Changes in crop yield and agricultural suitability by 2050 via the HadGEM2 model (Source: National Geographic / International Food Policy Research Institute)
The majority of migration and displacement linked to climate impacts is internal. In certain regions, adjacent or nearby countries with steady labour demands may attempt to draw on displaced people as new recruits for their workforce, though often under heavily curtailed terms which, in some contexts, can lead to both human rights violations and even greater economic precarity. These movements are further complicated by the fact that in several sending countries, there are a plethora of agents and subagents, middlemen and travel providers, officials involved in the recruitment process and imposing charges- some legitimate and some not. As a result, it is not uncommon for migrant workers and their families to go into debt in order to meet the costs of seeking these new opportunities. This is then a major barrier to the earnings of migration in the form of remittances.

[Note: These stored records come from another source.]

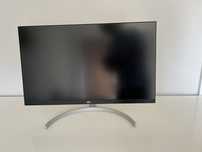 Monitor 4K LG 27-UK850-W 27 cali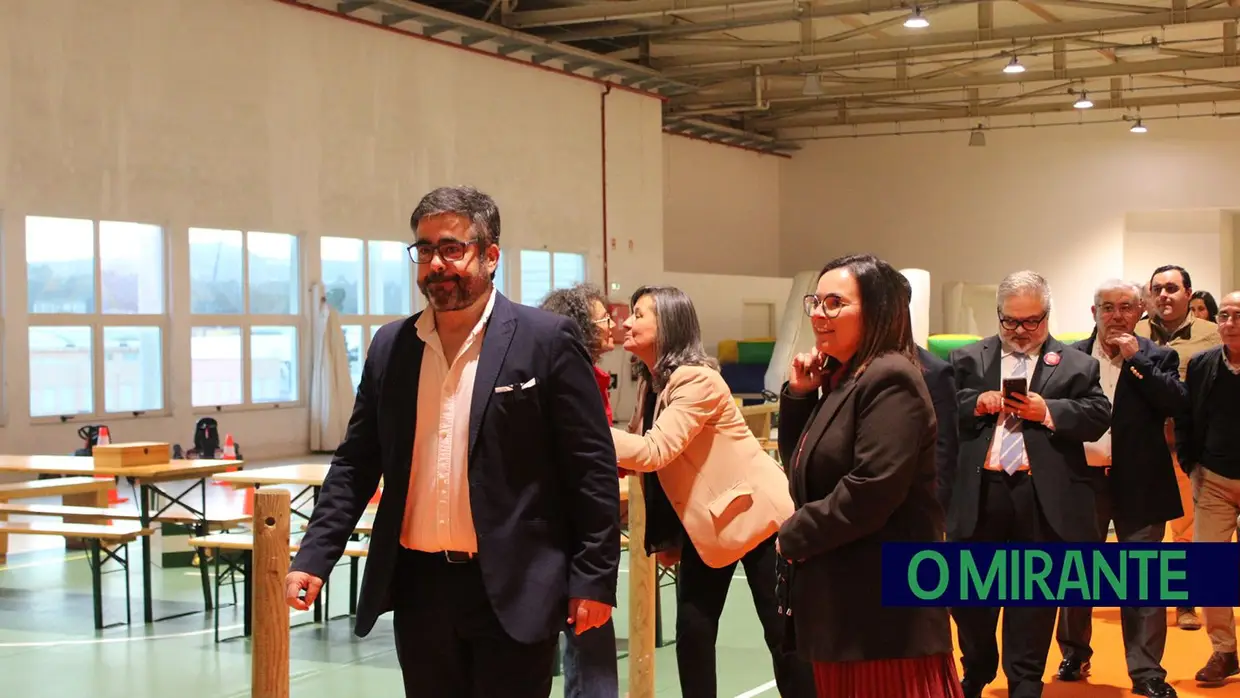 40.ª edição das Tasquinhas de Rio Maior já arrancou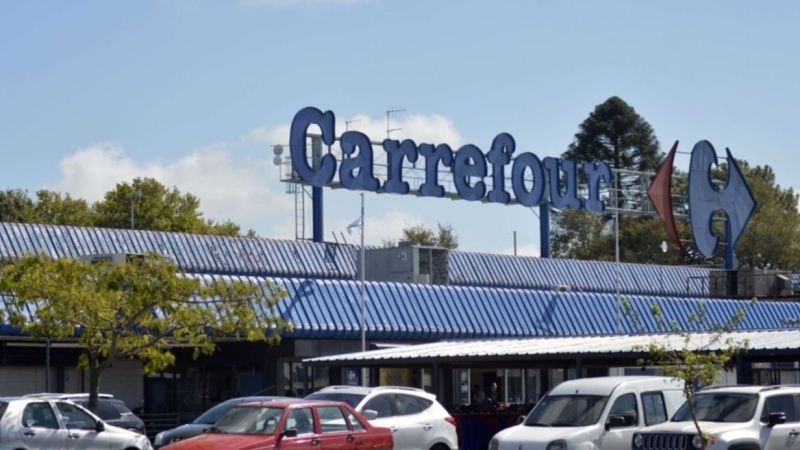 El futuro de Carrefour en La Plata: quiénes buscan quedarse con la cadena en Argentina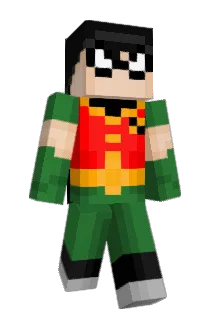 winspartan Minecraft avatar full body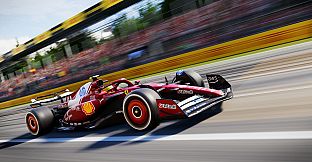 F1 25 Ulepszenie do Edycji Ikonicznej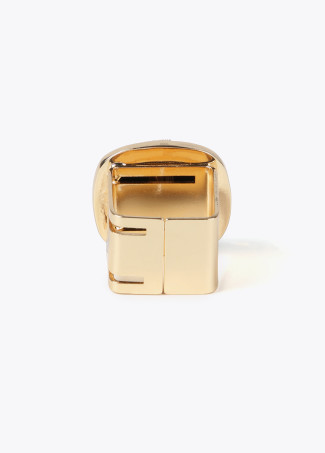 Bague carrée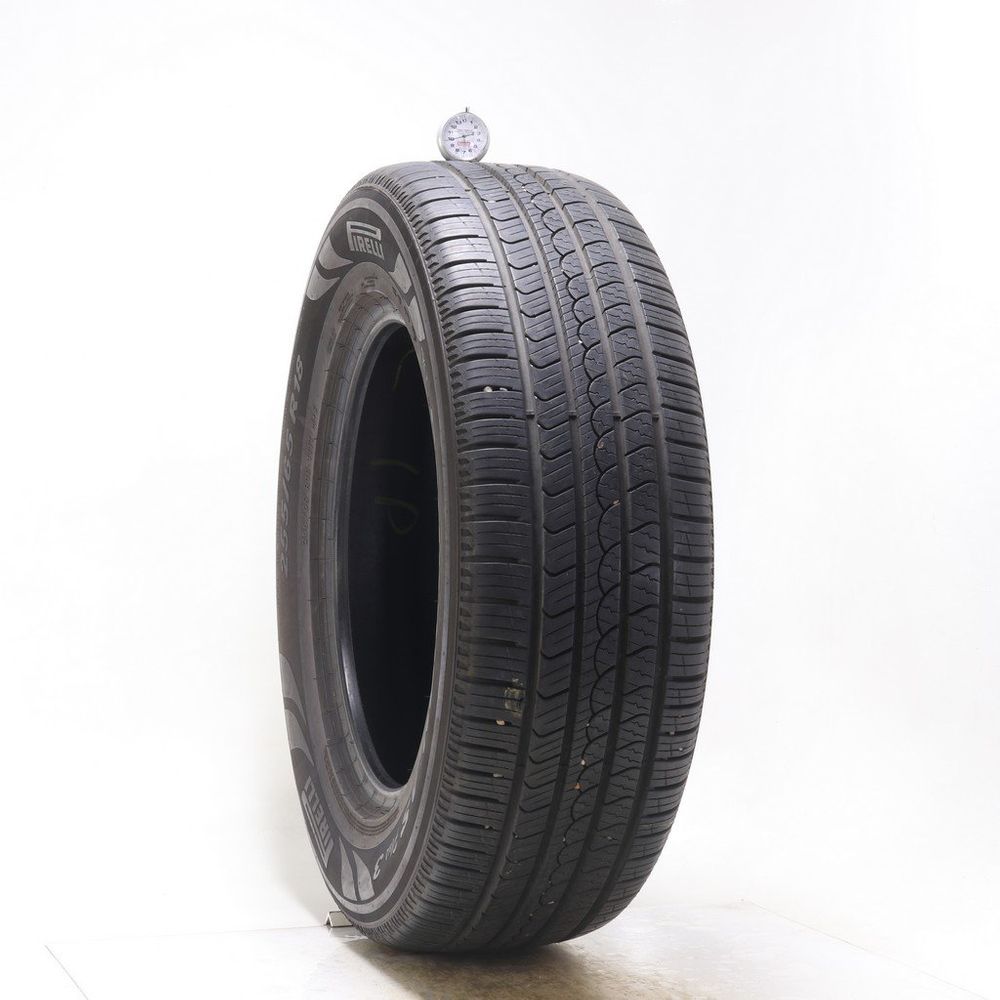 Used 255/65R18 Pirelli Scorpion AS Plus 3 111T - 9.5/32 - Image 1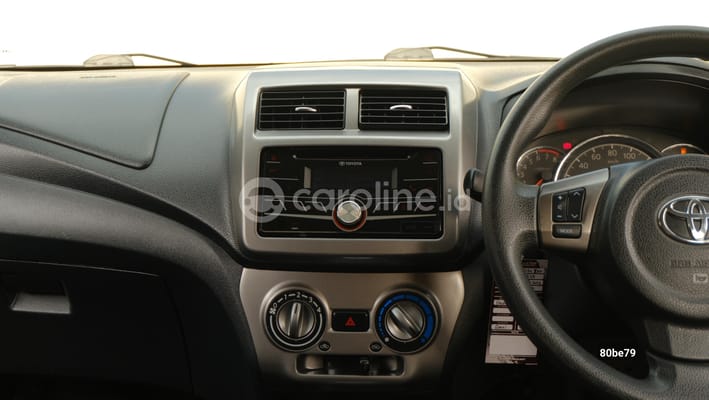 Toyota Agya 2019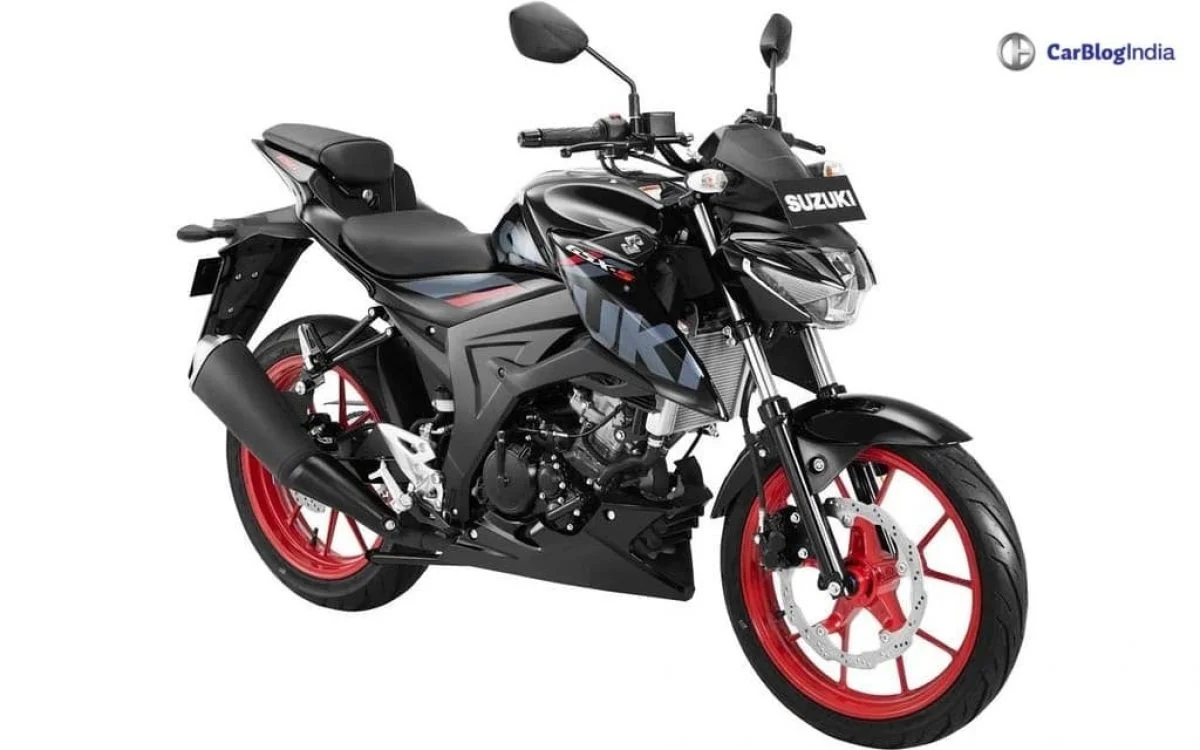 Suzuki GSX-S125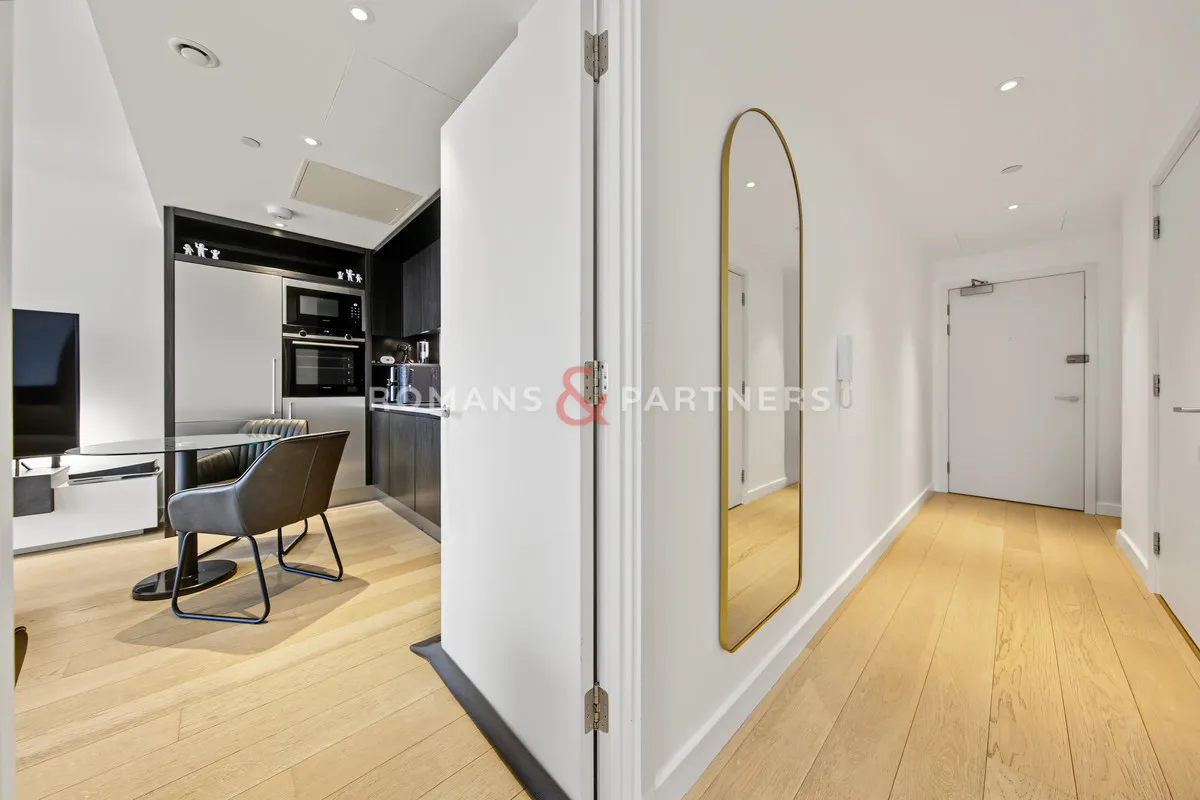 Charrington Tower, Canary Wharf, E14, photo 5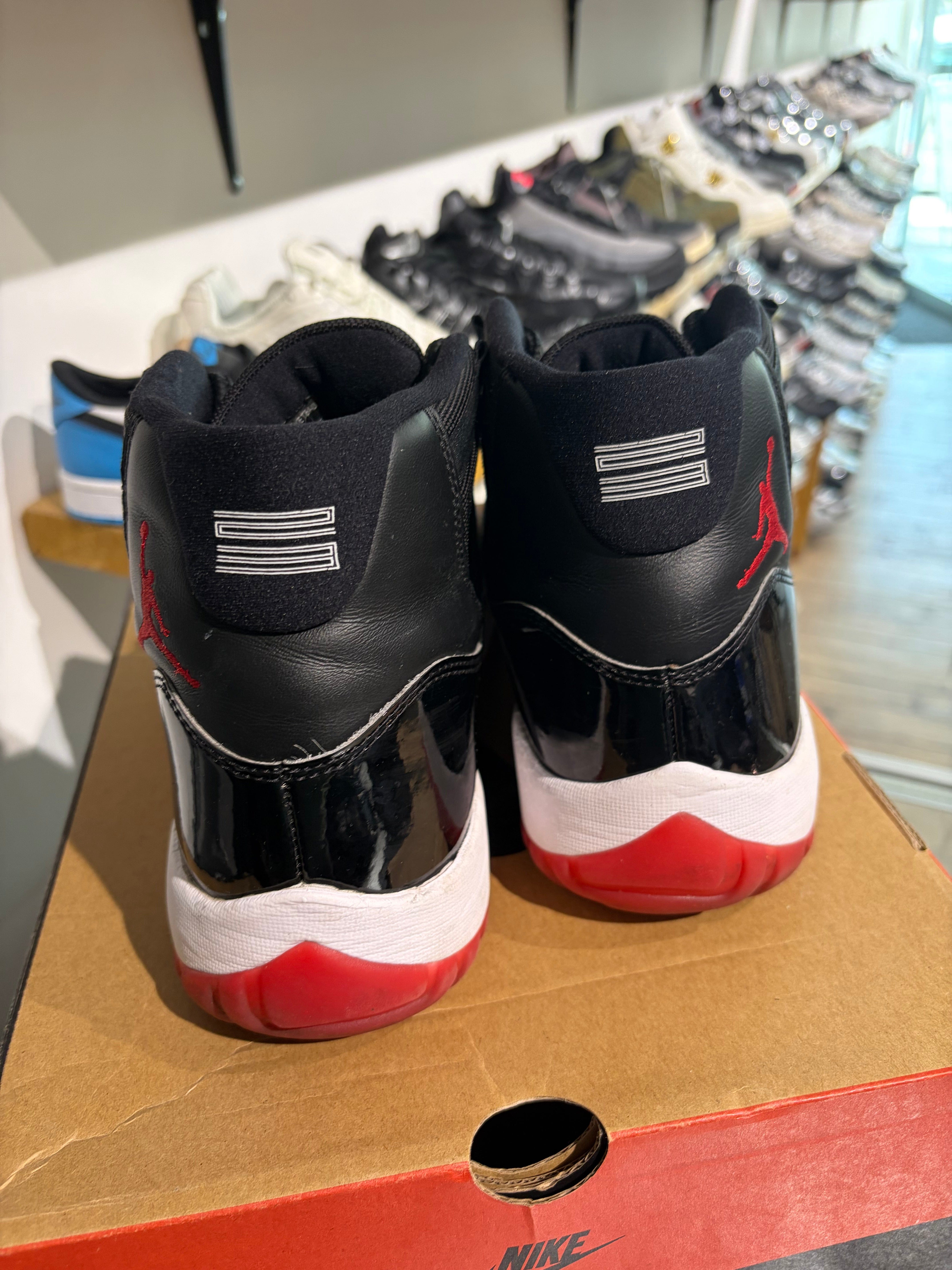 Air Jordan Jordan 11 Bred UK 11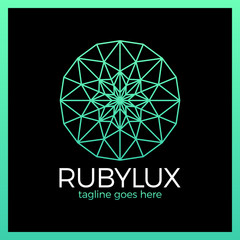 Ruby Luxury Logo - Jewelry Shop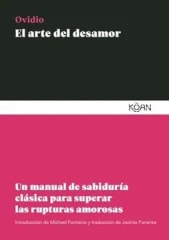 EL ARTE DEL DESAMOR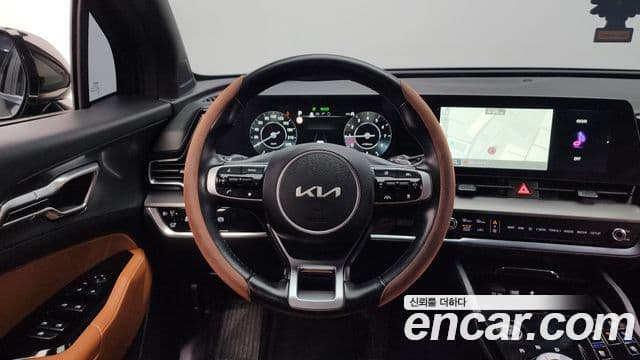 Kia Sportage 5세대 Noblesse, 2022 13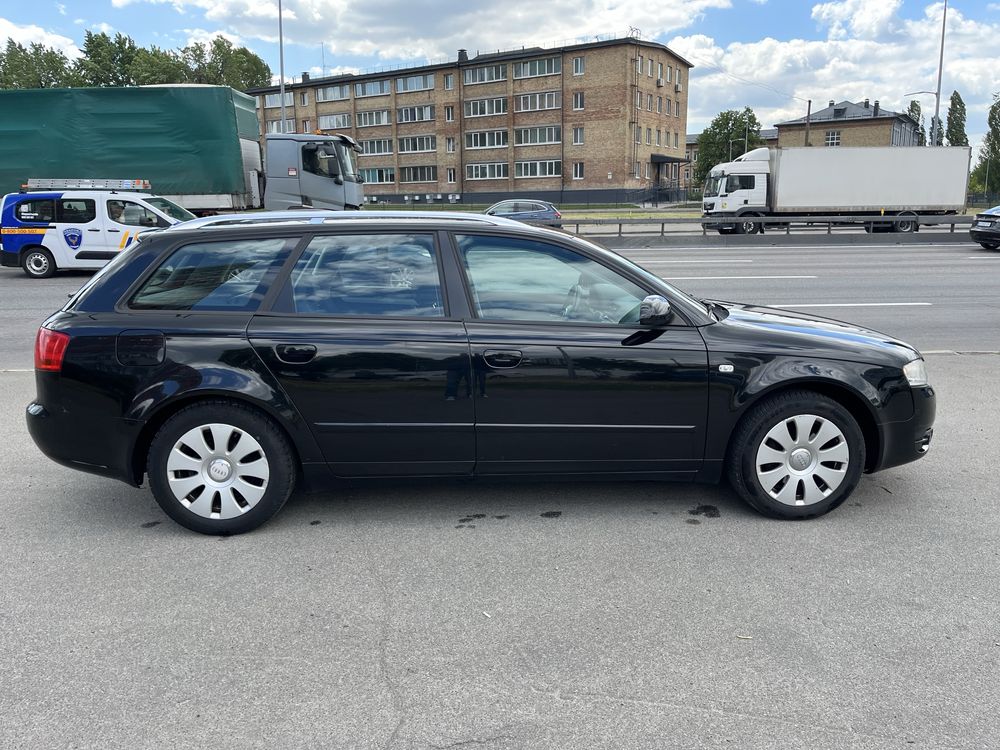 Audi A4 1.6 газ/бензин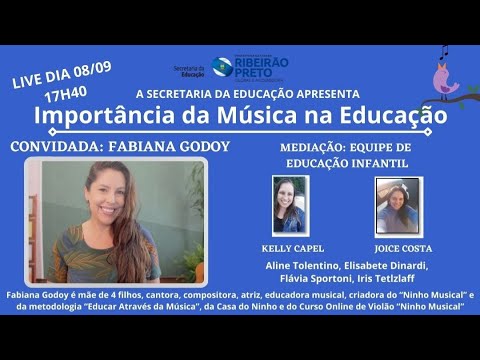 Importância da Música na Educação 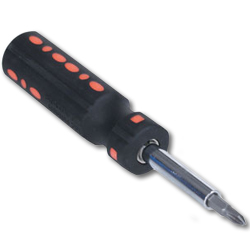 Hubbell 4-Bit Insulated Screwdriver
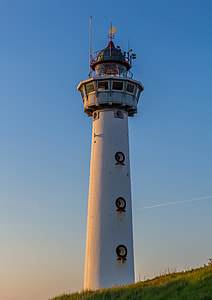 white concrete lighthouse thumbnail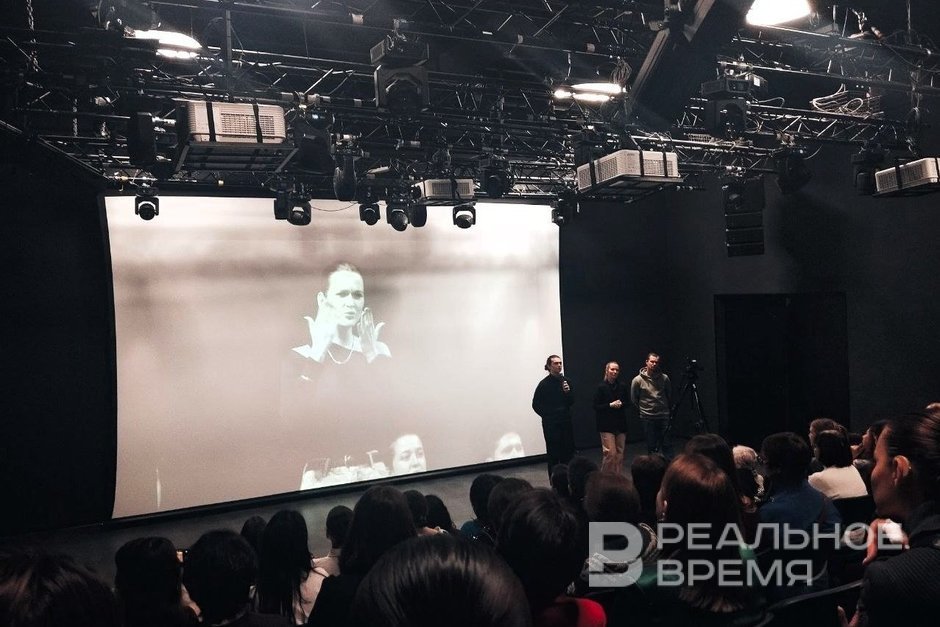 В Казани начал работу театр глухих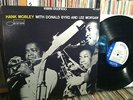 HANK MOBLEY - MOBLEY SEXTET - BLUE NOTE - LIBERTY RECORDS PRESS - MORGAN - BYRD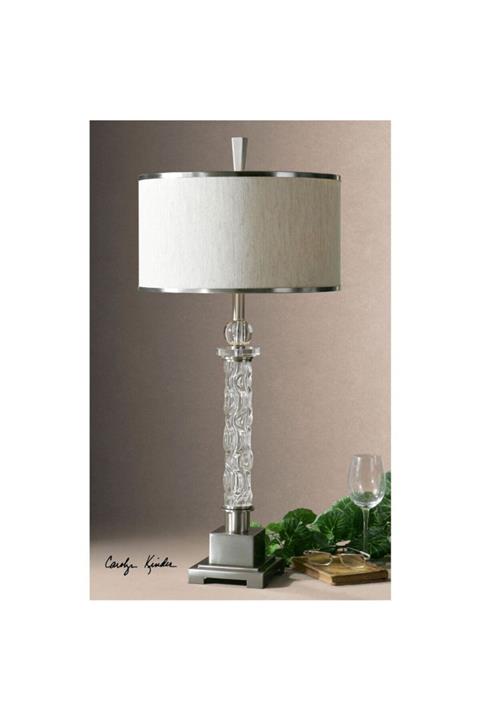 UTTERMOST Campania Abajur 26762-1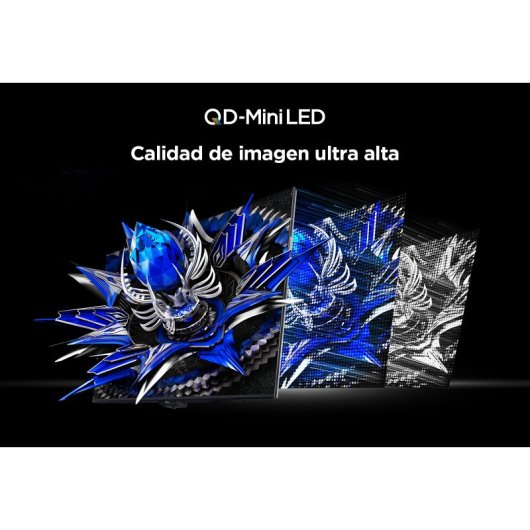 TCL 27R83U 27" 4K UHD 160Hz Mini-LED QLED HDR1400 Monitor FreeSync G-Sync USB-C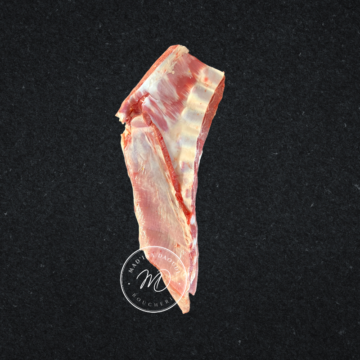 RECETTE Madina Daoudi - 
Poitrine d'agneau  - options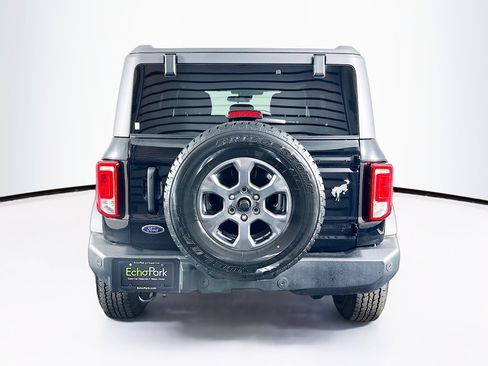 Used 2025 Ford Bronco Big Bend image 7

In the absence of sustainable jobs, those who escape environmental degradation often end up in environmentally degrading industries. Research is showing links betwen exploitative labour has resulted in deforestation and highly polluting methods of shrimp farming, brick making & gold mining.
One of the purported benefits to labour migration has been the financial security gained through remittances. “The New Economics of Labor Migration,” for example, argues that migration is a household risk management strategy; some members of the household migrate so others can survive in situ through remittances when there are no other social safety nets. Where social safety nets and insurance mechanisms work, affected populations can remain at home throughout the event that might otherwise cause them to move. However, this argument often overlooks the numerous challenges encountered by labour migrants, including low wages and dangerous working conditions. Further compounding the problem, the World Bank estimated that remittances would fall by about a fifth in 2020 from $714 billion to $572 billion, as a result of the global pandemic. This only adds to the precarity of environmentally displaced persons who have turned to labour migration as a means of securing livelihoods.
(Source: World Bank, 2020)
Those who remain in rural areas continue to face challenges. Human-trafficking is an extreme form of exploitation and in many instances involves forced labour. This form of exploitation tends to increase after natural disasters or conflicts where large numbers of people are displaced from their homes and become highly vulnerable. In the decades to come, climate change will very likely lead to a large surge in the number of people who are displaced and thus vulnerable to trafficking.
In our upcoming blogs in this series, we will examine the linkages between climate change and precarious labour. Using numerous examples, we will show that much greater attention must be placed on the linkages between various forms of environmental displacement and labour migration. Indeed, as economic conditions and -- post COVID-19, possibly worsen -- it will be increasingly important to ensure that these linkages are well understood and greater emphasis is placed on migrants' rights in general, and labour in particular. Governments around the world must prioritize the creation of regenerative, resilience-building economies that, even after acute shocks, are oriented to increase long-term sustainability and adaptive capacity. At the same time, societies that are in a migrant-recieving context, like Canada, must ensure that relying on migrant labour to do essential economic work (such as care, construction, and agriculture) does not perpetuate extraction, precarity, and isolation for the workers on the move.